The sustainability concept is getting a wider push from chefs who launched Smart Catch under the James Beard banner in Seattle two years ago, and now includes nearly 300 restaurants. The program lets chefs key in information about seafood purchases and quickly receive a good or bad rating based on data from the nonprofit FishChoice and Monterey Bay Aquarium's Seafood Watch.

The Smart Catch program "is well-timed, with growing consumer interest in both eating seafood at restaurants and learning more about the provenance of their food," said Bloomberg News.

Sustainability is a winning marketing component for Alaska seafood, which is regarded as a model for responsible management around the globe.
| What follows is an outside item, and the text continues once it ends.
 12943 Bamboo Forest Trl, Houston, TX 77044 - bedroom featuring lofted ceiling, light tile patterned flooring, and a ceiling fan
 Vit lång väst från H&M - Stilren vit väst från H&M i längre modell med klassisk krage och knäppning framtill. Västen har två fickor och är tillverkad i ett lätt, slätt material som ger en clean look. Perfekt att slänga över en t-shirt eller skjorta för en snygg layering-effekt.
"An increasing number of retailers and food service companies either have or are updating policies that include purchasing and selling sustainable seafood because consumers are increasing their demand for it," said Jeremy Woodrow, communications director for the Alaska Seafood Marketing Institute.

Fish bits

Global fish trade is projected to hit an all-time high this year, boosted by an economic recovery of key European importers and high prices of popular fish such as salmon. Financial Times reports that the value of the world's fish trade is expected to rise more than $150 billion this year as demand for salmon and shrimp increases,. That's an increase of about 7 percent compared with 2016 and on course to eclipse the previous record of $149 billion in 2014.

The global aquaculture market is expected to continue growing at four to five per cent a year over the next decade, and should exceed the 100 million ton mark for the first time in 2025.

Salmon was second to shrimp as the most sought-after seafood product last week at Seafood Expo Asia, one of the continent's largest trade shows.

A survey of over 3,300 attendees at the Hong Kong event revealed that 41 percent wanted to purchase shrimp, followed by salmon at 40 percent.

Scallops were third in demand (36 percent), fourth was abalone (34.6 percent), lobster ranked fifth (34.5 percent), crab came in sixth at nearly 34 percent, oysters finished in seventh place (30 percent), tuna was eighth (25.5 percent) cod was ninth with 25.3 percent. Squid rounded out the top 10 with over 24 percent of participants expressing purchasing interest.

The Food and Agriculture Organization of the United Nations predicts that Asia will lead world seafood consumption by 2025.